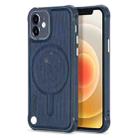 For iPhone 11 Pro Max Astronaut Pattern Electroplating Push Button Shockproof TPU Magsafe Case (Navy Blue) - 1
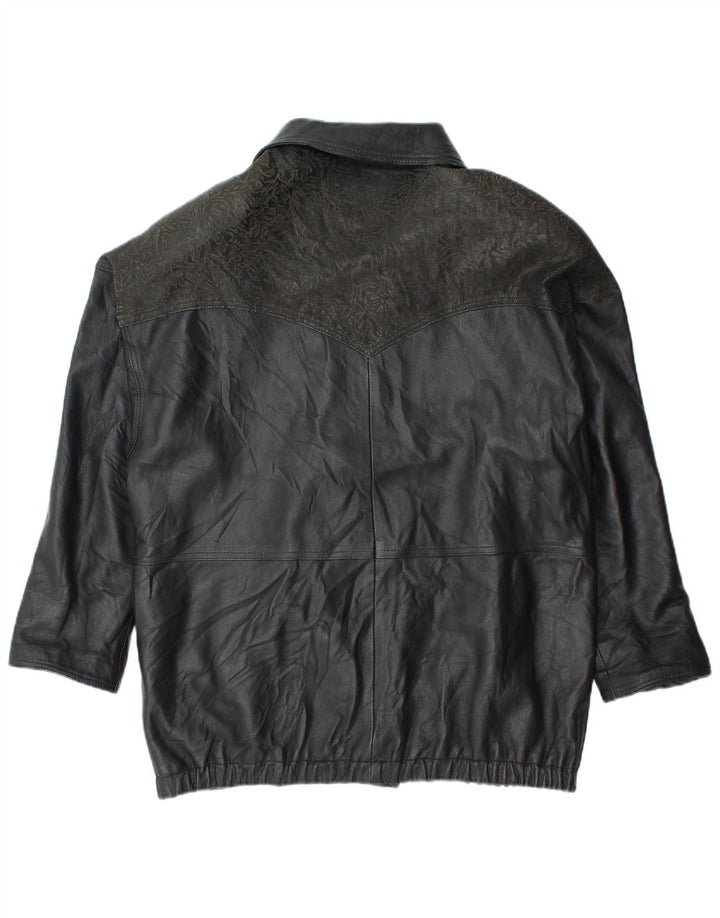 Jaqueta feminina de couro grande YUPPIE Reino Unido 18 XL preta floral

* * *

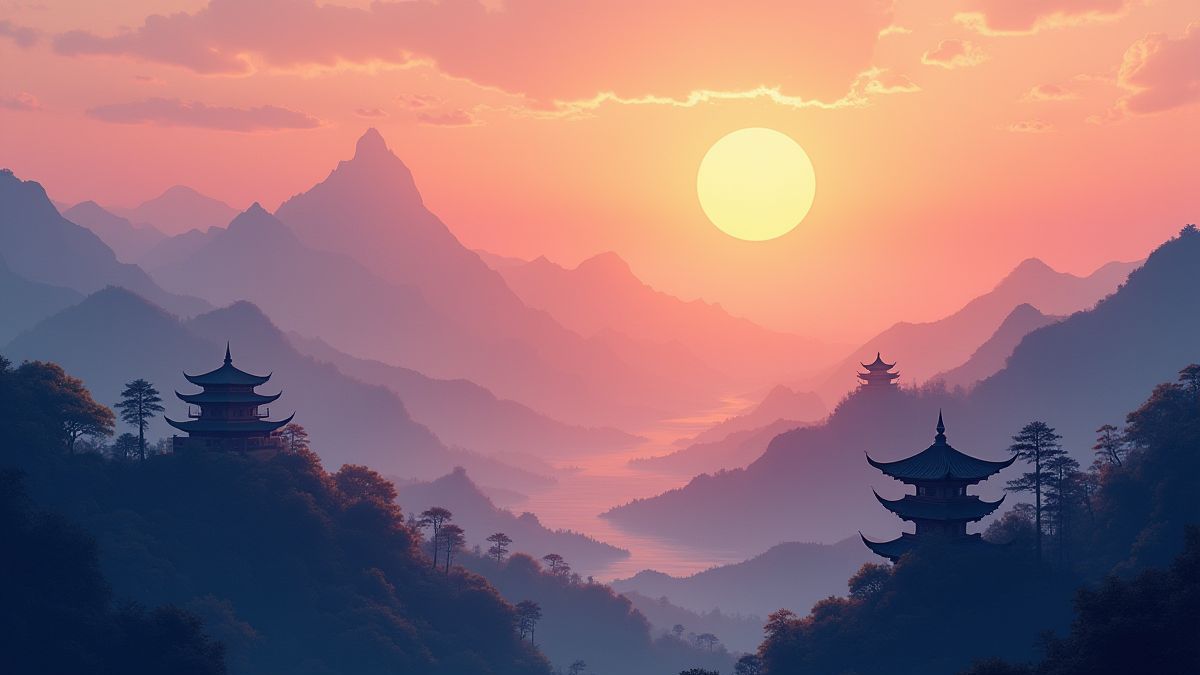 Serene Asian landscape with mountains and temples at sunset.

...

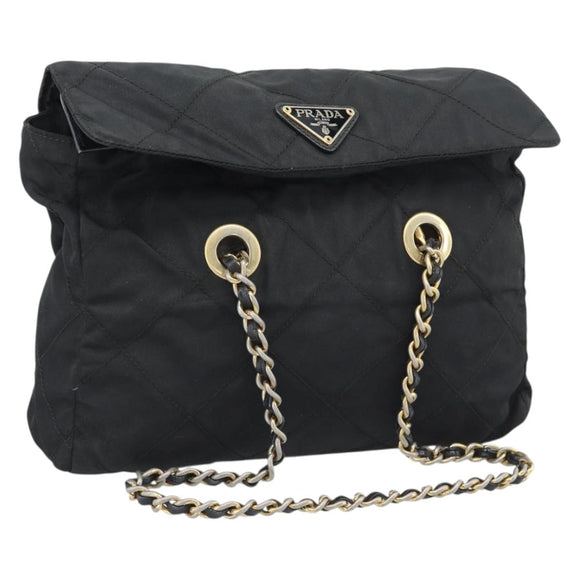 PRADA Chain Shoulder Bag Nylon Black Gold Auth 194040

• **ASSIGNED TASK**:
Above this task is a listing with pictures in it. Retype only the lines from the one containing "For iPhone 11" through the one containing "Jaqueta feminina de", both included, and not the pictures.

• **REPLY TO THE EXERCISE**:
 For iPhone 11 Pro Max Astronaut Pattern Electroplating Push Button Shockproof TPU Magsafe Case (Navy Blue) - 1
 Jaqueta feminina de couro grande YUPPIE Reino Unido 18 XL preta floral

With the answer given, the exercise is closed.